Both Crestwood's Phillips and EnLink Midstream LLC Chairman and CEO Barry Davis also acknowledged during panel that there is room for improvement in the "S" component of ESG as the death of George Floyd and subsequent nationwide protests pressure Corporate America to pledge support for the Black community.

"I think we have always been extremely neutral on the topic of everybody matters and everybody is looked at the same, but I think we have to go beyond that ... so we're working extremely hard right now on on how we can do that, how we can become part of the solution," Davis said during the panel.

As systemic racism comes into sharp focus, Phillips added that diversity and inclusion have become "a permanent part of the way Crestwood's going to operate as a company going forward."

When it comes to employee diversity numbers, EnLink's 2019 sustainability report referenced only the 43% of positions at corporate offices in Dallas and Houston occupied by women. According to its most recent report, 16% of Crestwood's employees came from "minority populations," as did 14% of management in 2019, but there were no details about ethnic diversity.

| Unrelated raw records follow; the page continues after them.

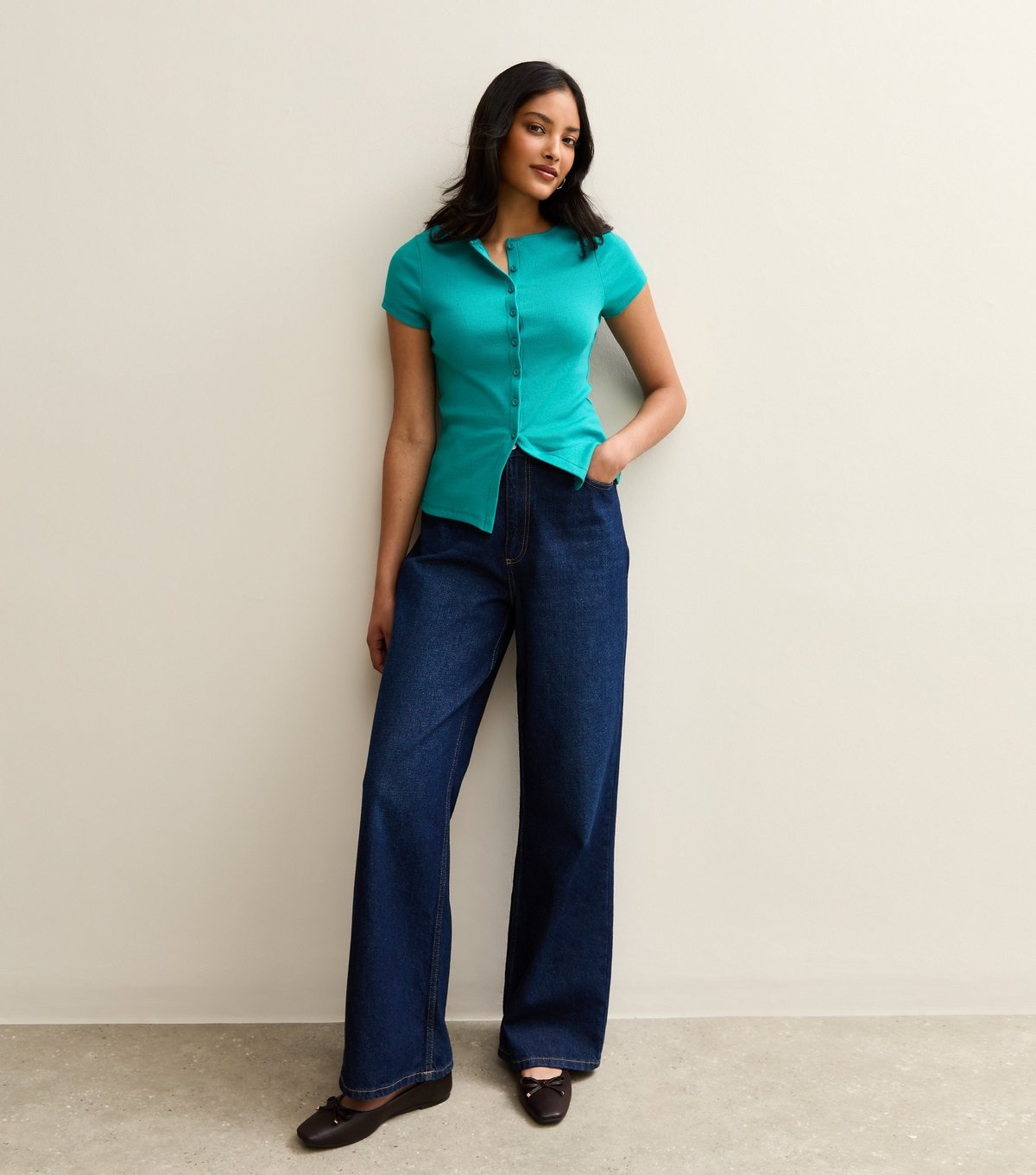 New Look Women's Teal Ribbed Button Up Baby Tee New Look - 2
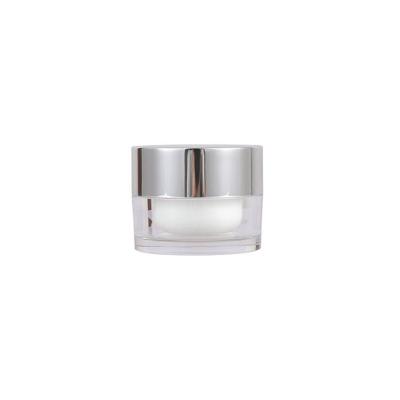 China 50g 30ml Round Plastic Clear Day Cream Acrylic Cosmetic Jars with Aluminum Cap for sale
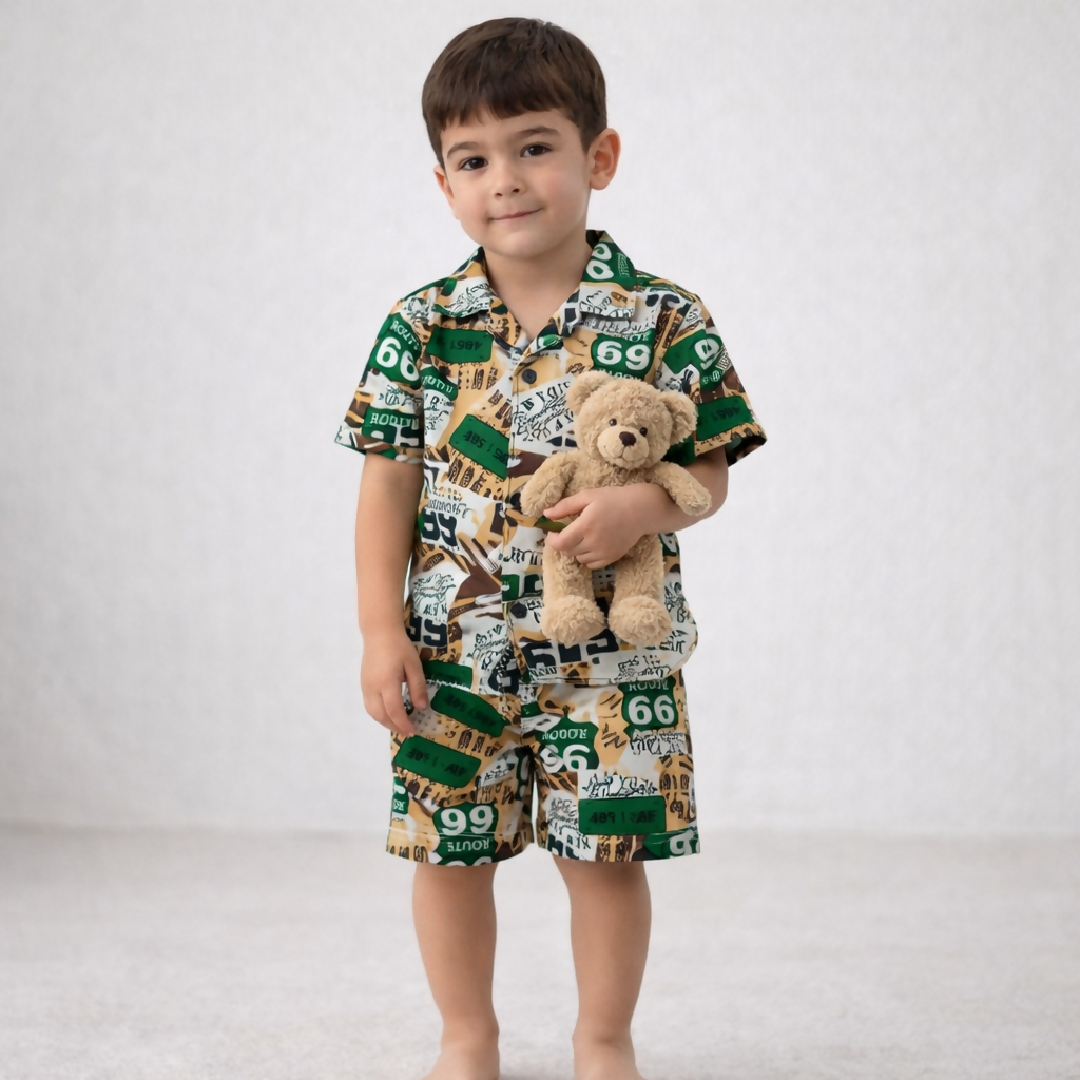 Kids Printed Linen Short Pajama Set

There is no standardized method for reporting environmental disclosures, either. During the panel DCP Midstream LP Chairman, President and CEO Wouter van Kempen referenced the company's recently launched methane management initiative to curb emissions in Texas, New Mexico and Colorado, but those kinds of programs do not necessarily translate into statistics that can be applied across the midstream sector to weigh individual companies against each other.

"There's no common metric that we've all agreed on matters and is being tracked and calculated the same way," Jefferies LLC Managing Director Christopher Sighinolfi said in an interview. "Bespoke metrics can be manipulated."

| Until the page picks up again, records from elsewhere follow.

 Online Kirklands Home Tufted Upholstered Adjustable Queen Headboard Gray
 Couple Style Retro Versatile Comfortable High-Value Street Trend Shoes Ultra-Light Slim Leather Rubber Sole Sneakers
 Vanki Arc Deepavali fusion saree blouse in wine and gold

Analysts at Sanford C. Bernstein & Co. agreed in a June report that "there is not enough consistent reporting at present to accurately rank companies" and noted that even categorizing CO2 emissions by scope can be tricky given how different kinds of pipelines are powered.

"Gas pipelines usually run on gas compressors, which are Scope 1 emissions, while crude and NGL pipelines run on electricity, which is Scope 2," the Bernstein analysts wrote. "Since midstream companies tend to favor reporting only Scope 1, this actually makes gas pipelines appear to be big emitters, and crude and [natural gas liquids] pipelines as negligible. Once you add in Scope 2, they get a little closer, but gas still 'looks' worse, as it simply seems to take more effort/emissions to move gas around than oil and liquids."